But that doesn’t mean that the Fed will back off its plans to tighten over the long-term, according to Brad McMillan’s read. “The market hears what it wants to hear, rather than what really is being said,” the chief information officer of Commonwealth Financial Network observed in a research note.
Part of the Fed’s statement was that it would “keep a larger pool of reserves on the balance sheet than historically without it meaning policy loosening,” McMillan wrote. This means that its primary focus going forward will be on interest rates.
The Fed, of course, has been embarking on a two-pronged approach to tightening: higher short rates and reducing the $4 trillion-plus mountain of bonds it bought to hold down long rates.
The market responded favorably last week to this news, with the S&P 500 climbing 1.6%. In all, stocks had their best January in 32 years, which was a relief coming off of late-2018’s gloom.
That gloom rested on fears that the economy, both in the US and globally, was going south, and that the Fed would heedlessly keep hiking rates. Thus the Fed’s statement came as a relief.

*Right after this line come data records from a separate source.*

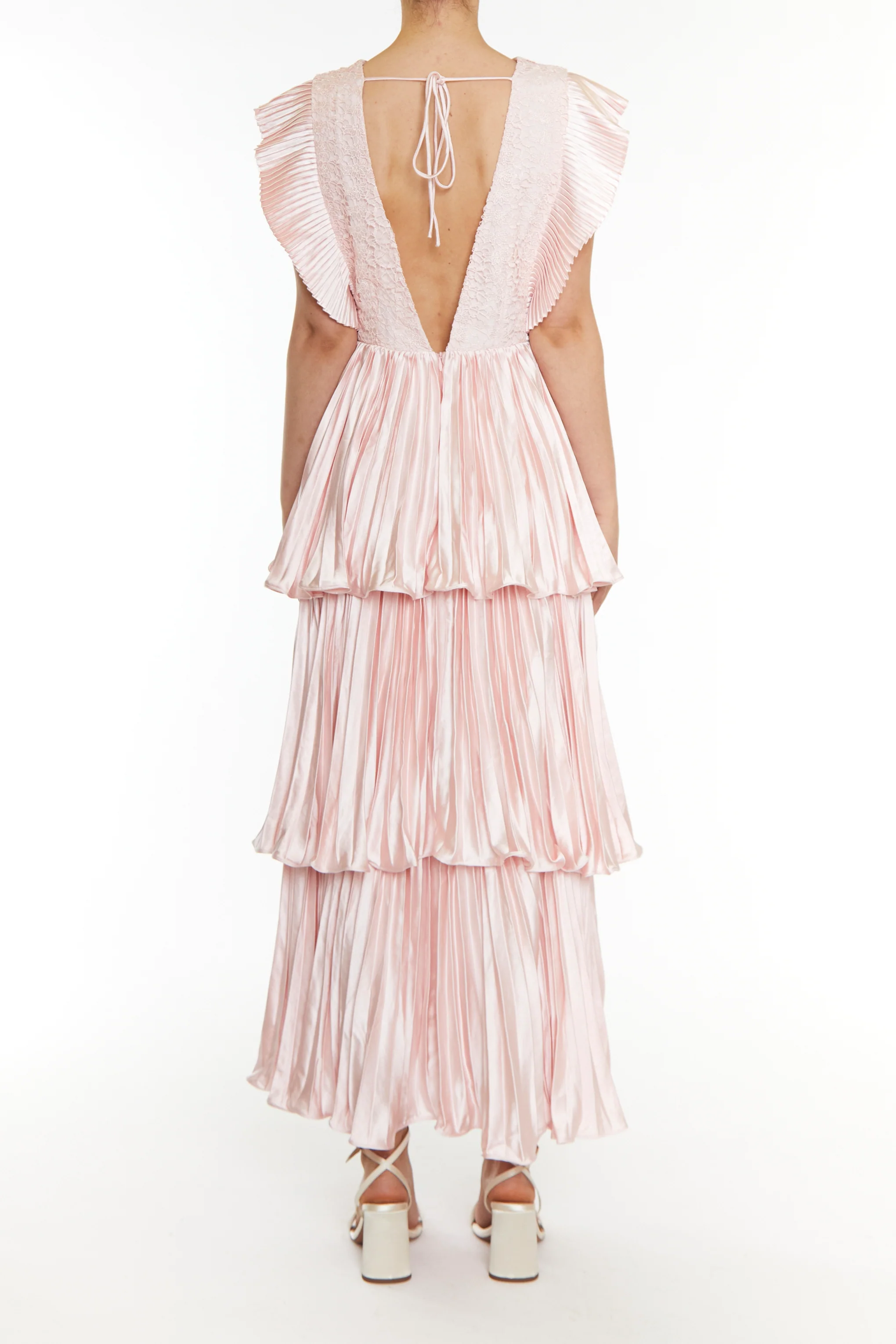 Ballet Slipper Pink Pleated Tiered Dress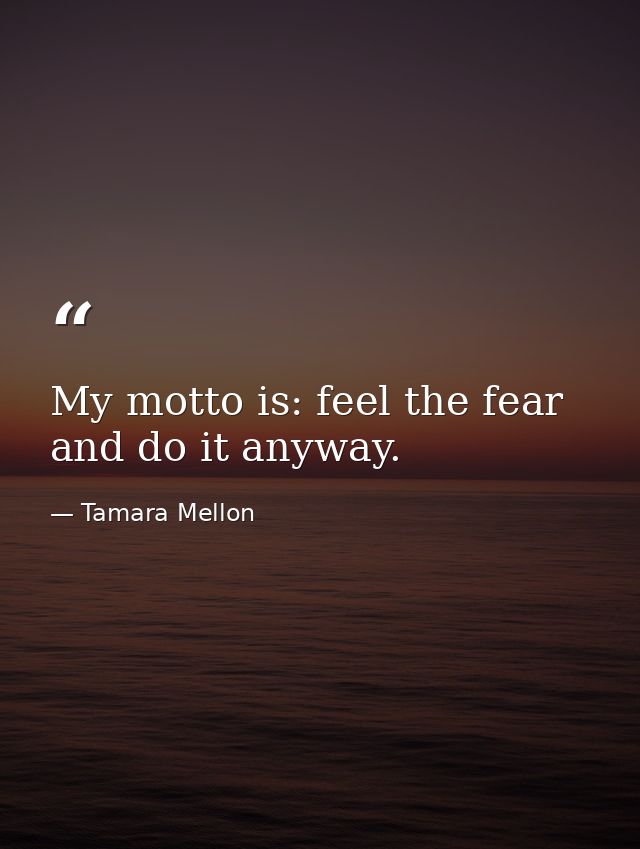 My motto is: feel the fear and do it anyway. — Tamara Mellon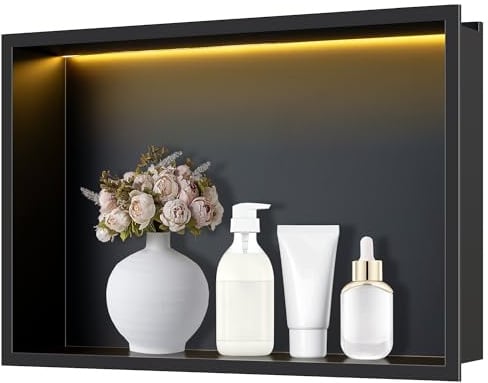 FTL Nicchia da Parete per Doccia in Acciaio Inox con Luce LED 45x30cm,Nero Nicchia da Doccia Incasso con 3000K Bianco Caldo LED,Senza Piastrelle,Impermeabile Nicchia per Bagno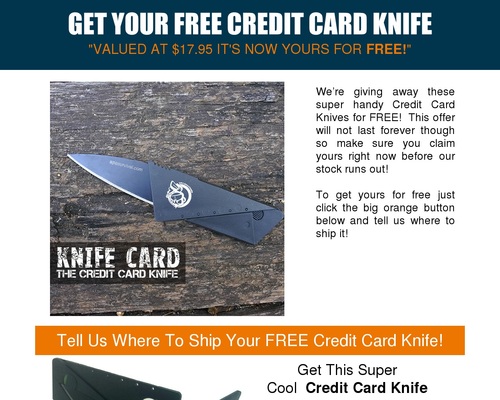 Give Away Our Knife Card And Earn Recurring Commissions!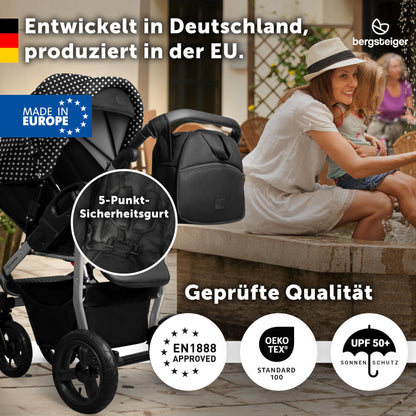 Bergsteiger Capri 3-in-1 Combination Pushchair - Baby Carrier, Sports Seat & i-Size Baby Seat, Pneumatic Tyres, Suspension, Height-Adjustable Handle, Foldable, Accessories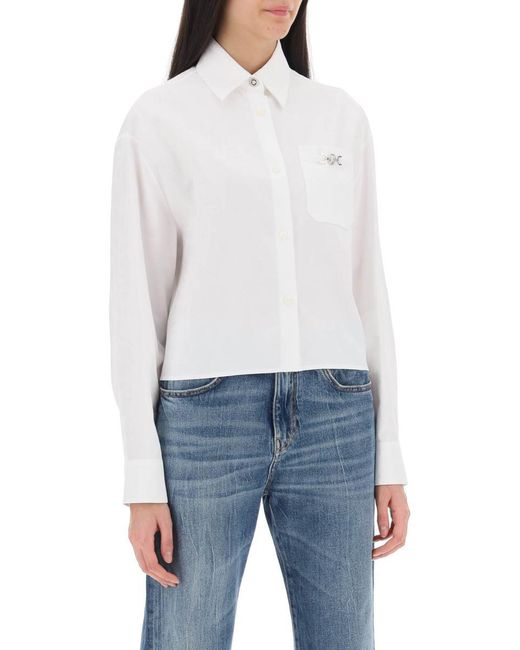 Versace White Barocco Cropped Shirt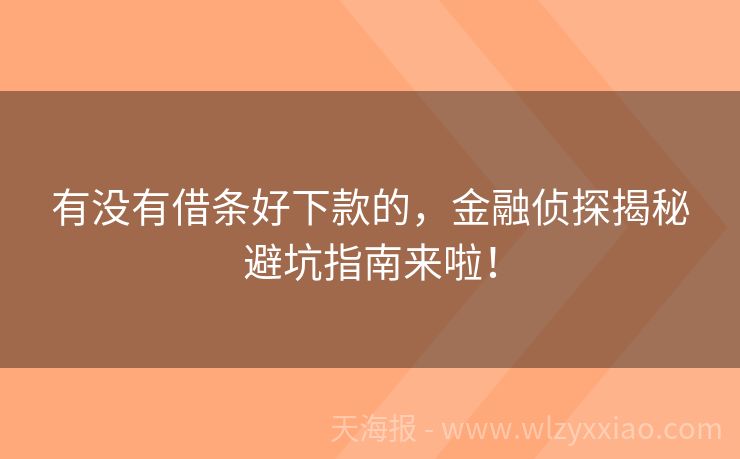 有没有借条好下款的，金融侦探揭秘避坑指南来啦！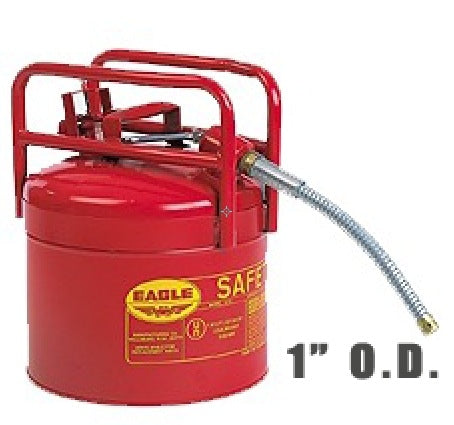 Eagle Type II Dot Cans, 5 Gal. Red Galvanized Steel Type II Style Safety Can  w/7/8" Flexible Hose, Model 1215
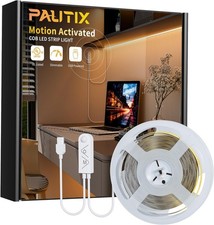 PAUTIX COB LED Strip with Motion Sensor,5V USB LED Tape Light 2700K Warm Whit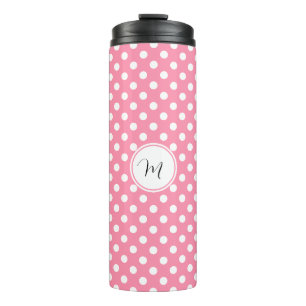 Rosa und weiße Polka-Punkte Thermosbecher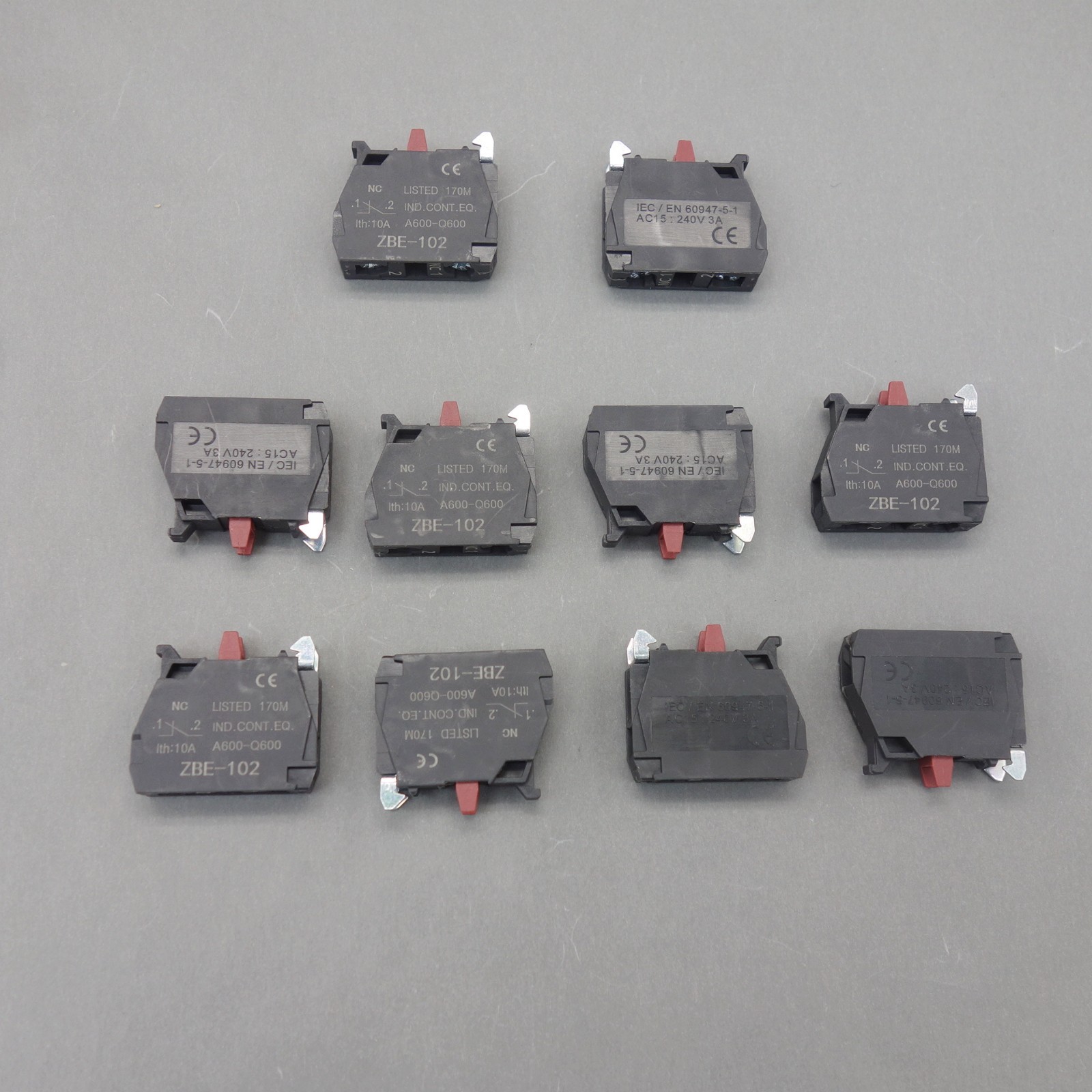 10PCS Fits ZBE-102 N/C Normal Close CONTACT BLOCK RED FOR XB4 XB5 Series Product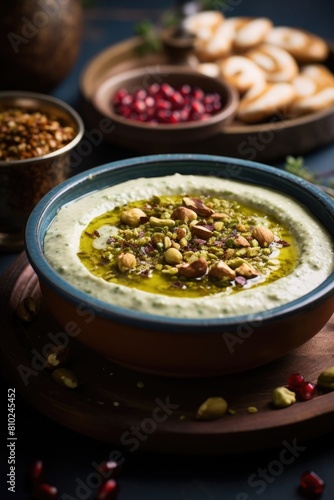 Dukkah, the Egyptian spice blend made with Toasted nuts, pistachios and spices. pomegranate seeds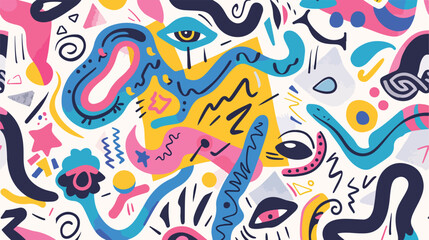 Colorful abstract trendy doodle shapes and objects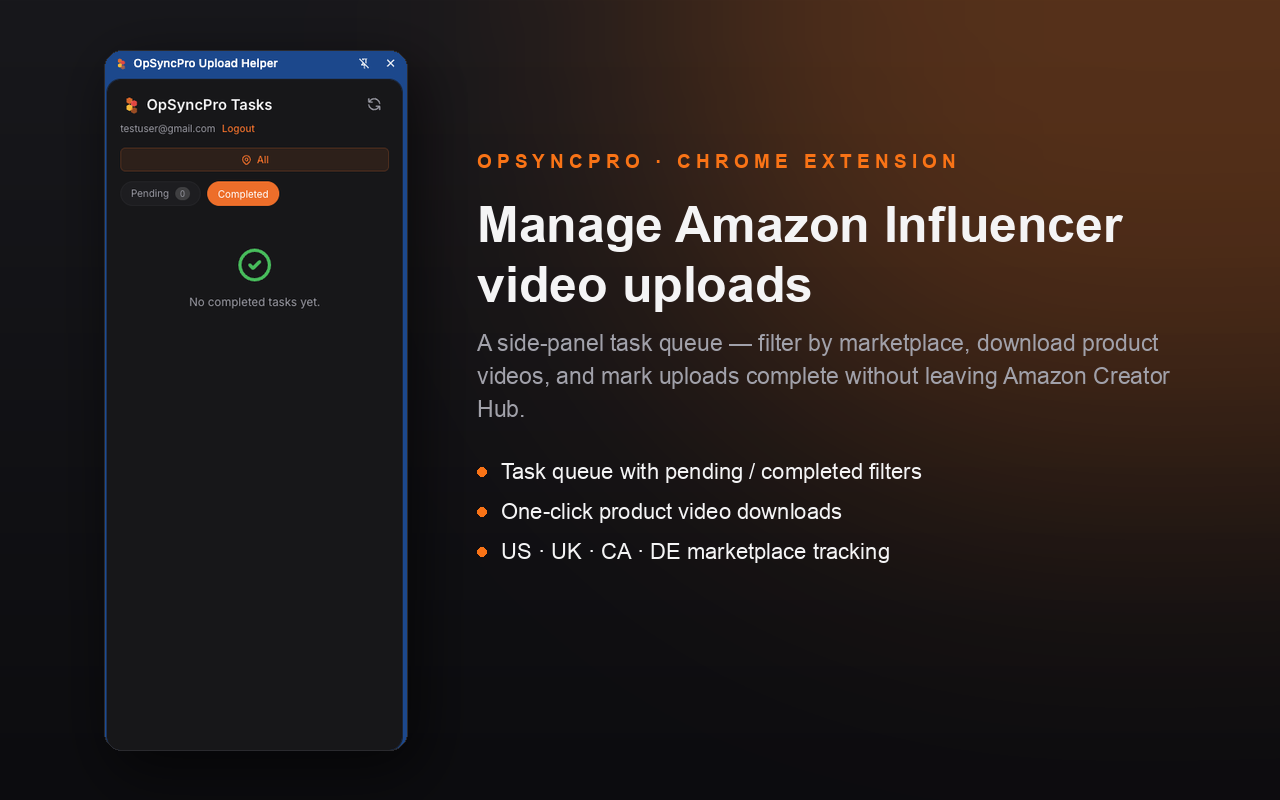 The OpSyncPro Chrome extension side panel for managing Amazon video uploads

But McMillan pointed out that the Fed also indicated that it thought economic conditions were just fine. If the central bank thought otherwise, he wrote, “it would be saying that the economy is still broken and getting worse.”
He zeroes in on the Fed’s assessment that the “labor market has continued to strengthen” and “economic activity has been rising at a solid rate.”
In other words, more rate increases could be in our future.